■ **Required work**: Set down exactly the lines below, starting at the one that contains "Smartlipo Vaser Lipo" and ending at the one that contains "Contraste hepato específico", with both of those lines included and nothing else.

■ **Source information**:
□ □ □ □ □

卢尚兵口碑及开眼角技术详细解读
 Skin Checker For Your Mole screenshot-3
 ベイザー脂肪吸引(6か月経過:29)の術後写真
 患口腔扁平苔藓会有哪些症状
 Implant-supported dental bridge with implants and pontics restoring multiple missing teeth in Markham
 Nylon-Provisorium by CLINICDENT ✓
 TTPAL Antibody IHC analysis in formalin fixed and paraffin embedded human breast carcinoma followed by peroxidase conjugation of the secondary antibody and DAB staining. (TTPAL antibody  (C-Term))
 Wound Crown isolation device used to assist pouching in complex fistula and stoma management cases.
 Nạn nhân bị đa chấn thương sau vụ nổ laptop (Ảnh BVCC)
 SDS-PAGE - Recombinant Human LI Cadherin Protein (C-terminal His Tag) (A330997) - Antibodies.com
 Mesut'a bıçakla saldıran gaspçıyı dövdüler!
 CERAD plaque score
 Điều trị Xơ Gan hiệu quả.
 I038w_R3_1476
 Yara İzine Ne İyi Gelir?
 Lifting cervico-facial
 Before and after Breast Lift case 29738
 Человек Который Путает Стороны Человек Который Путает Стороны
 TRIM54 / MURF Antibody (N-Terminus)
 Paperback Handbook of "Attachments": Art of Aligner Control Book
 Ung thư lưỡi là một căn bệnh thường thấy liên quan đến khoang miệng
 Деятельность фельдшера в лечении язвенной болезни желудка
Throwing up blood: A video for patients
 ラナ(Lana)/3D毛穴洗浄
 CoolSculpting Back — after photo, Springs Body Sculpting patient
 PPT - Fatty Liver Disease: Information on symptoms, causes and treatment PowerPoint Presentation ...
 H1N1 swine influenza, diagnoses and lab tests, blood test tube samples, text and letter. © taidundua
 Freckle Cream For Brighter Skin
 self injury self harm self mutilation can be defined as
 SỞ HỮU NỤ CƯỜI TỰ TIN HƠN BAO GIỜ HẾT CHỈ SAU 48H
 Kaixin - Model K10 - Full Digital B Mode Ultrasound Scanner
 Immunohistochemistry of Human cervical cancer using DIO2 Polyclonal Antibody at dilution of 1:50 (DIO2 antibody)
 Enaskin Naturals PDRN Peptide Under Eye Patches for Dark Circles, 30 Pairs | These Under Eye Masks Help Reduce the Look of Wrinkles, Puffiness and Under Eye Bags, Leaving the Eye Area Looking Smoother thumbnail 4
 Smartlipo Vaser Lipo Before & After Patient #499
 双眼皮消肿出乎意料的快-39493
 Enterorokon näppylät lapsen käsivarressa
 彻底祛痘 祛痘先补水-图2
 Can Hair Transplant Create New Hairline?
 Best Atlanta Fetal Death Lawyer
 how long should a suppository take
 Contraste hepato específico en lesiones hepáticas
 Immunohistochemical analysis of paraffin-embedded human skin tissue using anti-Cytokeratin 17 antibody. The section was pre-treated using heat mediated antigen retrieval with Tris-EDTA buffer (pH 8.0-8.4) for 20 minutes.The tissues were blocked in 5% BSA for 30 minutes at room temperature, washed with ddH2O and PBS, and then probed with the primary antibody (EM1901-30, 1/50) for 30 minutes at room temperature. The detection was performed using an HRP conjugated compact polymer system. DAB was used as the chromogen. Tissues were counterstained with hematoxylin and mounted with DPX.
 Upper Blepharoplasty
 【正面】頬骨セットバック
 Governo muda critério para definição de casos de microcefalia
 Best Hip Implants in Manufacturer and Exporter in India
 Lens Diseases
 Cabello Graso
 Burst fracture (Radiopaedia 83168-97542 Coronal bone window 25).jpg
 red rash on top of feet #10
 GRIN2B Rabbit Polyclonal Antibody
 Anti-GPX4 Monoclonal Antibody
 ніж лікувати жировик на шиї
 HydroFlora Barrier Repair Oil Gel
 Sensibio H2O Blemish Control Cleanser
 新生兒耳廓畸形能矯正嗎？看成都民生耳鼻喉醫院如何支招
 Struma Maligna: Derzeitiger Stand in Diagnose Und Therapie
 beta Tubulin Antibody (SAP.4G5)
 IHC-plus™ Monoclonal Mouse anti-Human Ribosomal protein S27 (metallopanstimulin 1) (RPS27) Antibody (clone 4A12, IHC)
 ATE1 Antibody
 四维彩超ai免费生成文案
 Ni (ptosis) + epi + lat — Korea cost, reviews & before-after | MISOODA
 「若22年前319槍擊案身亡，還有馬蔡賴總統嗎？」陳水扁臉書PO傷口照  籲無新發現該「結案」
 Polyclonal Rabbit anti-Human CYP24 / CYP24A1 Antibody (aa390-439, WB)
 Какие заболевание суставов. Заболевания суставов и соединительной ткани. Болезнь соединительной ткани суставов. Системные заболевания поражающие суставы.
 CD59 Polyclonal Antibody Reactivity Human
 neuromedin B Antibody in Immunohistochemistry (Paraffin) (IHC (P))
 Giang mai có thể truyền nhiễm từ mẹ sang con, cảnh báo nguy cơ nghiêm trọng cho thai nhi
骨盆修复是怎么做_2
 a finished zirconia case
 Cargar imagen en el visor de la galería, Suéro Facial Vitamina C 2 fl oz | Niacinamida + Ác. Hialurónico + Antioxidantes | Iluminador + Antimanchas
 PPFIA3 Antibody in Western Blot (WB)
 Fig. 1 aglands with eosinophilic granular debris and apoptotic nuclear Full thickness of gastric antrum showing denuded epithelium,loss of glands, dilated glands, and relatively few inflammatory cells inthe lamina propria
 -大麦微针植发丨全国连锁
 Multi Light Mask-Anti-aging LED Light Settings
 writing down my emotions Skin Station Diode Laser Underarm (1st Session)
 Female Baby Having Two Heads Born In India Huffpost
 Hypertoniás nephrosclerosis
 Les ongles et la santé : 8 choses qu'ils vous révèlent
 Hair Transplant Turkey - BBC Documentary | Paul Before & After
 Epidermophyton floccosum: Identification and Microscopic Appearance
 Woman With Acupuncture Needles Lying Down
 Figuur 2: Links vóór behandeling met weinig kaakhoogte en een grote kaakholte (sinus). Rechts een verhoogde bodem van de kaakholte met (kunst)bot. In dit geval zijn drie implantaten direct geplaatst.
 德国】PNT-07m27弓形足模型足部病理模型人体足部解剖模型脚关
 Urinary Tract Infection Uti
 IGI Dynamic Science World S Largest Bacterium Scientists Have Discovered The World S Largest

□ □ □ □ □

■ **Response area**:
 Smartlipo Vaser Lipo Before & After Patient #499
 双眼皮消肿出乎意料的快-39493
 Enterorokon näppylät lapsen käsivarressa
 彻底祛痘 祛痘先补水-图2
 Can Hair Transplant Create New Hairline?
 Best Atlanta Fetal Death Lawyer
 how long should a suppository take
 Contraste hepato específico en lesiones hepáticas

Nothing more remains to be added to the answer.